Cybersecurity in carmaking: when the factory becomes the attack surface

Decades-old machines now share networks with the cloud

As connected factories and supplier networks reshape automotive production, MHP Consulting’s Bodo Philipp says the industry must move beyond compliance and build true cyber resilience before the next attack hits the shop floor.

The production line has long been a place of optimised precision, where every millisecond of downtime carries a measurable cost. But as automotive manufacturers wire their plants deeper into cloud infrastructure, connect hundreds of supplier systems, and layer artificial intelligence across manufacturing execution, a new kind of vulnerability is taking root on the shop floor.

Bodo Philipp, Chief Executive of MHP Consulting UK, a subsidiary of Porsche AG within the Volkswagen Group, has watched this transformation with the trained eye of someone who advises some of the world’s most complex manufacturing operations. His assessment is simultaneously clear-eyed and sobering.

The first and most structurally stubborn problem in automotive manufacturing cybersecurity is the machinery itself. Modern production lines are not clean, homogeneous computing environments – they are layered accumulations of industrial equipment from different vendors, running proprietary operating systems that in some cases predate the smartphone.

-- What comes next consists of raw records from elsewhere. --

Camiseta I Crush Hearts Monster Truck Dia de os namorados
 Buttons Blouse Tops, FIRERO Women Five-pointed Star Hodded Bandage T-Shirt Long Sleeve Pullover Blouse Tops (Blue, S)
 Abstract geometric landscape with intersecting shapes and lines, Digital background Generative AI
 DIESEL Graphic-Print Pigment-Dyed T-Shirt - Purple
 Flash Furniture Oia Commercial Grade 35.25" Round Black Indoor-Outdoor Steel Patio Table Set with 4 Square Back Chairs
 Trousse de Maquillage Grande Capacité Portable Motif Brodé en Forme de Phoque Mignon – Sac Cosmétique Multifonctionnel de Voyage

Man in a dark suit and white shirt standing against a plain grey background.
Bodo Philipp, CEO, MHP Consulting UK, outlines how legacy machinery and connected suppliers expose automotive factories to cyber threats.

Carmaking machines built for another era

“In automotive manufacturing, one of the biggest cybersecurity challenges is the extremely heterogeneous and long-lived machinery landscape,” says Philipp. “Production lines rely on industrial equipment from many different vendors, often running proprietary operating systems or legacy software that has been in service for 10, 15, or even 20 years. These machines are highly reliable from an operational perspective, but they were never designed with modern cybersecurity threats in mind.”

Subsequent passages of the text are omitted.